When Pimco decided to keep its June contracts, the market took that as a signal the firm would demand delivery. It isn't known how many bonds Pimco actually received, but the perceived demand for the cheapest-to-deliver bond for the June contract -- a 10-year Treasury maturing in 2012 -- turned into real demand as investors scrambled to get the bond. Adding to the urgency: The next cheapest-to-deliver bond was about a full percentage point more expensive than the February 2012 one, and the CBOT levies a fine of 1% of a contract's value on anyone who fails to deliver a bond.

The demand exacerbated problems in a related market. Investors also lend bonds to each other in return for short-term loans that they use to make other bets -- the so-called repurchase, or repo, market. That market was already facing a shortage of the February 2012 notes -- a situation known as a squeeze.

Some investors in the repo market bet that a bond will fall in price by borrowing it and selling it, in the hope of repaying the loan with a bond purchased later at a lower price. If those investors can't return the borrowed bond, a "fail" occurs. In such cases, the borrower has to keep paying the interest on the bond to the lender.

When the demand from the futures market kicked in, the fails worsened. In the week ending June 15, a daily average of about $74 billion of Treasury transactions failed, compared with only $8 billion in daily fails a month before.

The inaccessibility of the cheapest-to-deliver bond caused the price of the June futures contract to rise, because the market expected more-expensive bonds to be delivered. This created an unusual opportunity for anyone who was holding the cheapest-to-deliver bond to make money by selling them at the higher futures price.

If any investor who owned the bonds withheld them with the specific intent of manipulating the futures market, that could be illegal under rules of the Commodity Futures Trading Commission, the federal regulator for the futures market. But that is a high legal standard that has proved difficult for the CFTC to meet in previous cases. A CFTC representative declined to say whether the commission was investigating the matter.

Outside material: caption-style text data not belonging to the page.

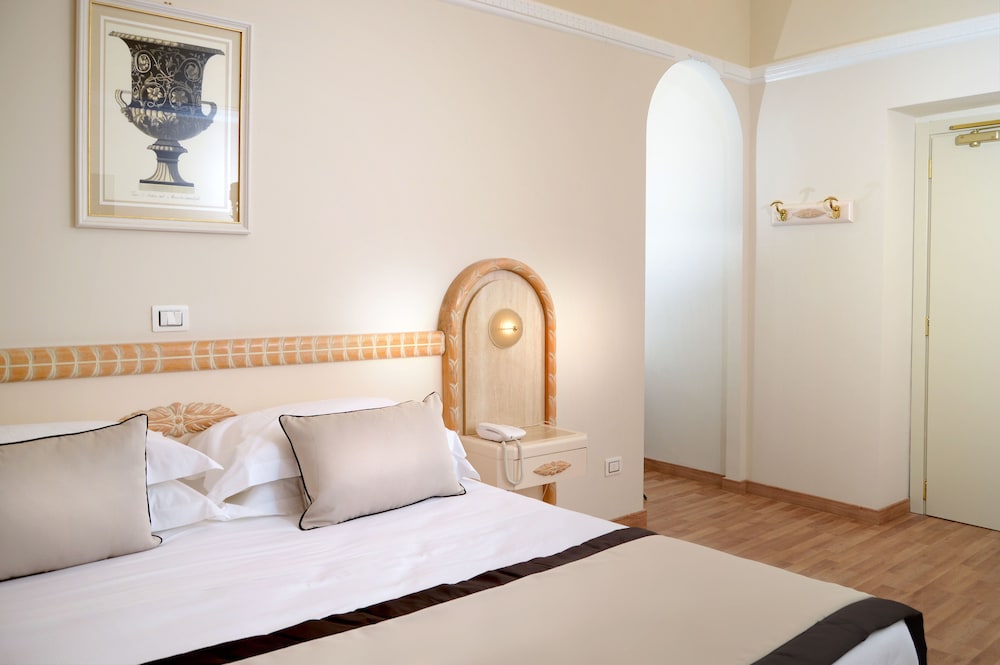 Grand Hotel Vittoria 23/71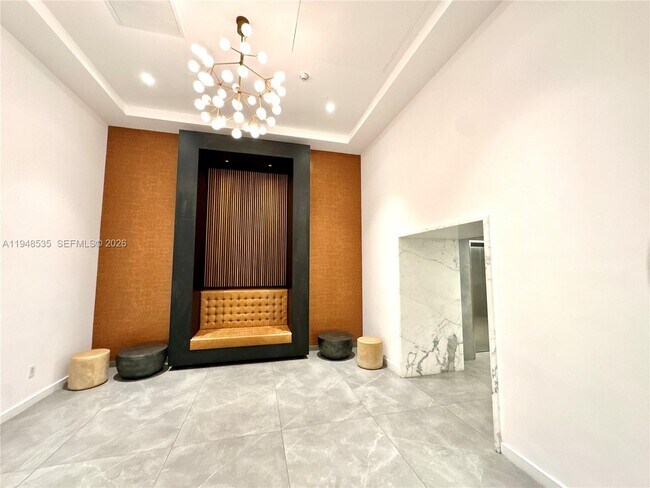 Building Photo - 350 S Miami Ave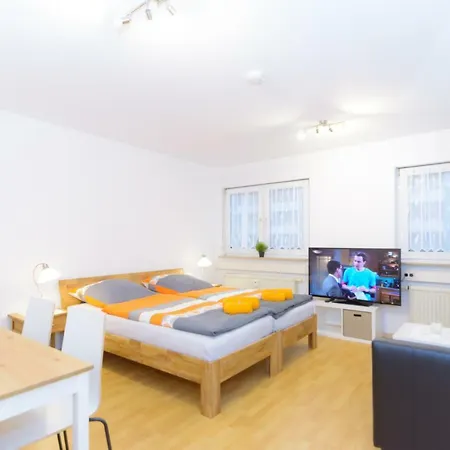 Private Next To Subway Homestay Nuremberg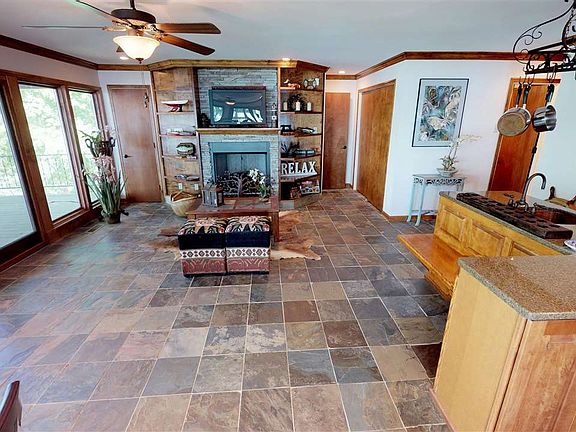 3rd image of 218 N Lakeshore Dr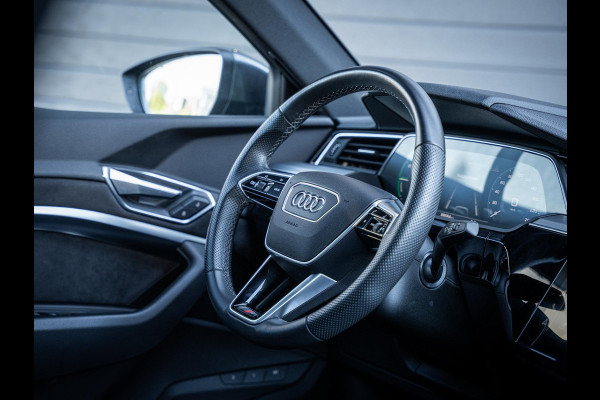Audi e-tron Sportback 55 quattro S edition 95 kWh Pano | Valcona | 21” | Luchtvering | Trekhaak | BTW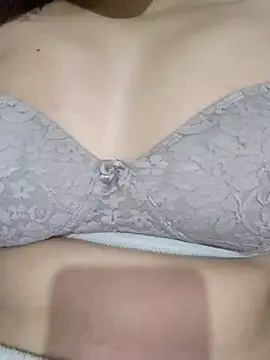 nikkibenza online show from 25, 1, 2025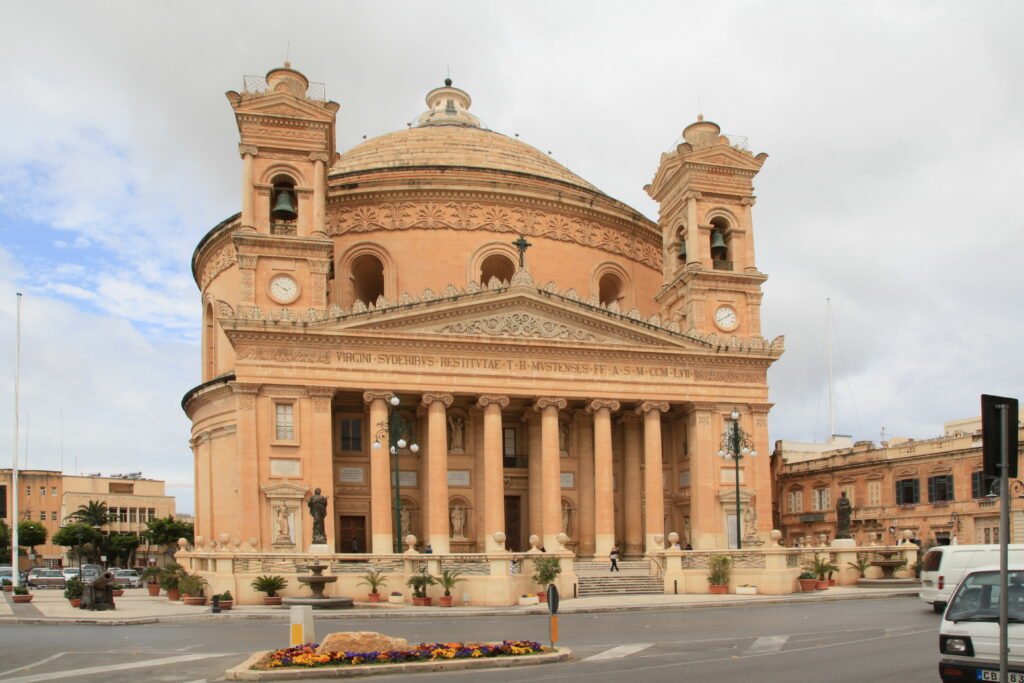 Kirchliche Schulen in Malta und Gozo 2 Malta Mosta Triq il Kbira Rotunda 01 ies 1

June 29, in an effort to avoid a repeat of what occurred in June, the CBOT issued a new rule saying no single entity could demand delivery of bonds on more than a limited number of contracts -- 50,000 in the case of the 10-year Treasury note. The new rule doesn't take effect until December, but it caused the price of the September futures contract to fall, because it cut the demand for bonds that could be delivered. That caught many futures players by surprise and led to big losses on the September contract.

"It caused major pain to Wall Street and to hedge funds," says Chas Mancuso, a futures broker at Fimat USA LLC, a unit of French bank Société Générale SA. He estimates the losses might have reached $500 million. The Futures Industry Association, a trade group, issued a letter to the CBOT severely criticizing the rule change.

Treasurys

Treasurys ended slightly lower after a disappointing $13 billion sale of five-year notes spurred fear that foreign investors are losing interest in U.S. government securities.

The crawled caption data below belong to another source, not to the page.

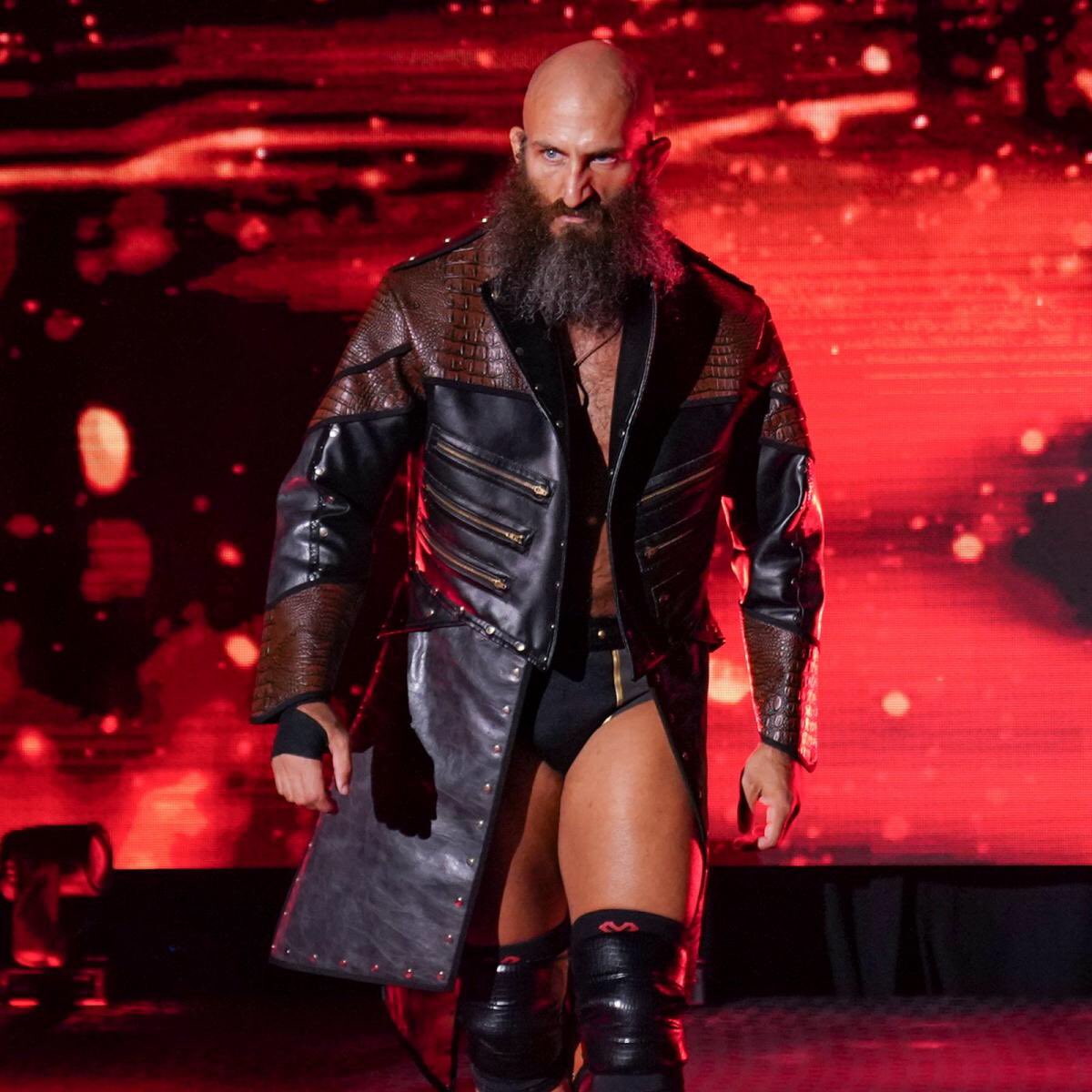 torch_tom's tweet photo. I was built for a match like the Antichamber. No one knows chaos like me. Brad and myself will go through hell to get what we want. #L16 #Manchester will never be the same. @one_wrestle https://t.co/rJf4tV4scO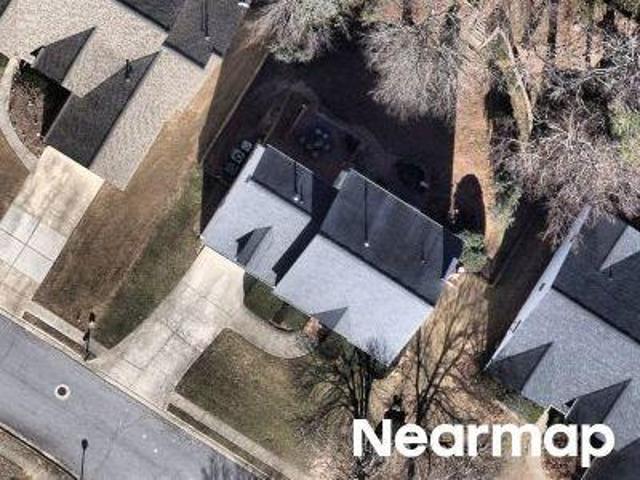 Oak Bluff Dr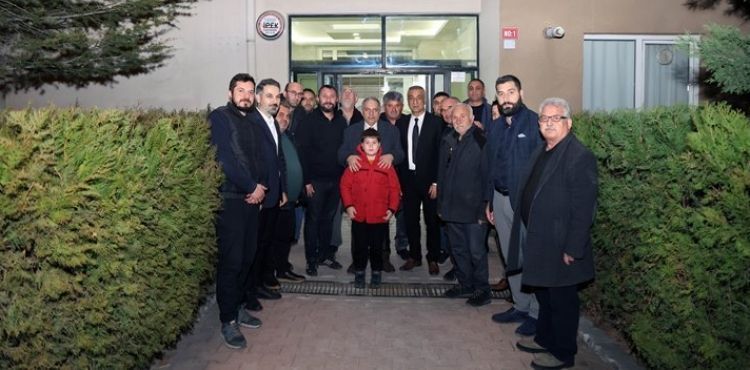 BAŞKAN YALÇIN AKŞAM OTURMASINDA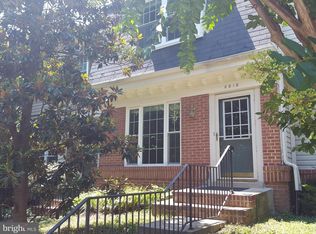 6610 Cypress Point Rd, Alexandria, VA 22312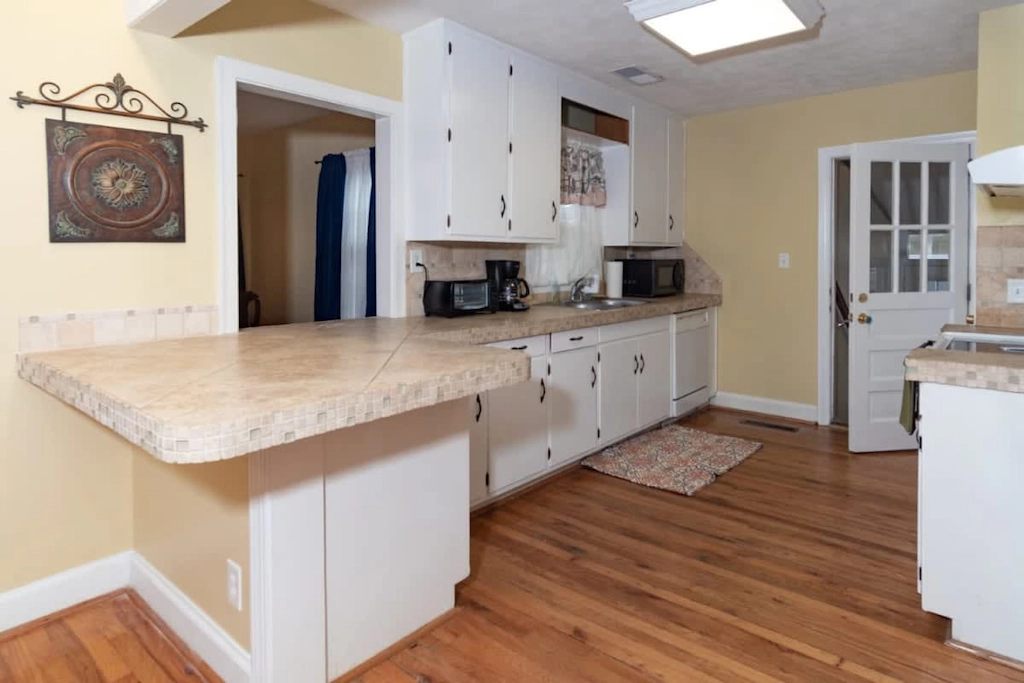 Mins to Ft Moore & Downtown - The Columbus Cottage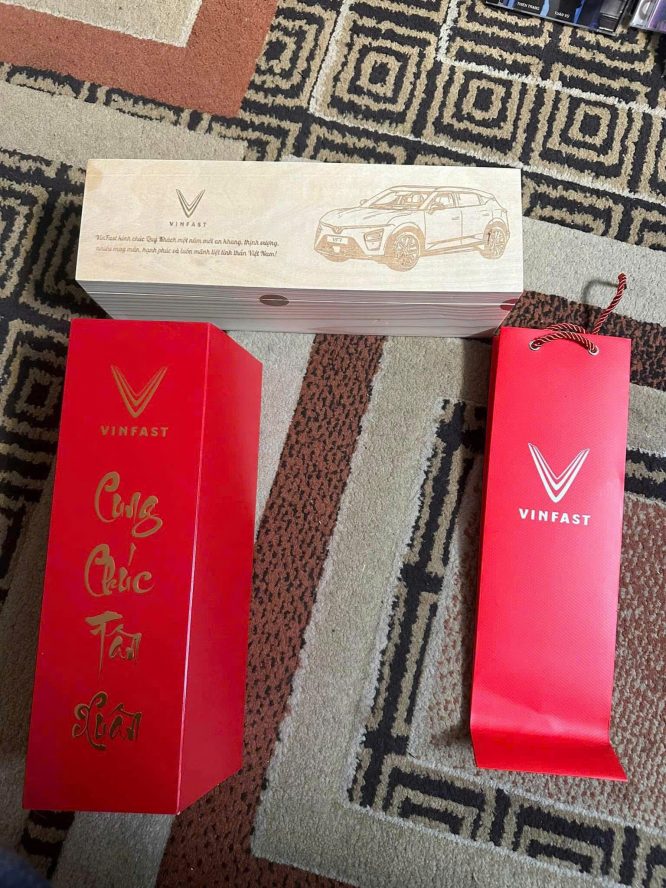 TẾt Sum VẦy CÙng BỘ QuÀ TẾt CỦa Vinfast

The bid-to-cover ratio, a general measure of demand, stood at 2.92, up from the 2.46 average of the past 10 auctions of five-year notes. But indirect bids -- those from foreign official accounts and others that don't bid directly through the Treasury -- represented only 22% of the $12.8 billion in total competitive bids accepted. That was well below the 30% in July's five-year sale and the 39% average in such auctions in the first seven months of the year.

Monday, a Treasury three-year note sale also saw much lower indirect participation than dealers had hoped. Pending release of government-auction data next month, it won't be clear how much less foreign institutions bought. Still, the latest auction results "give us the sense that foreigners are taking a pause," said Ralph Axel, fixed-income strategist at HSBC in New York.

At 4 p.m., the benchmark 10-year note was down 2/32 point, or 62.5 cents per $1,000 face value, at 97 27/32. Its yield rose to 4.398% from 4.392% Tuesday, as yields move inversely to prices. The 30-year bond also was down 2/32 point, at 111 29/32 to yield 4.580%, up from 4.576%.

--Shayna Stoyko contributed to this article.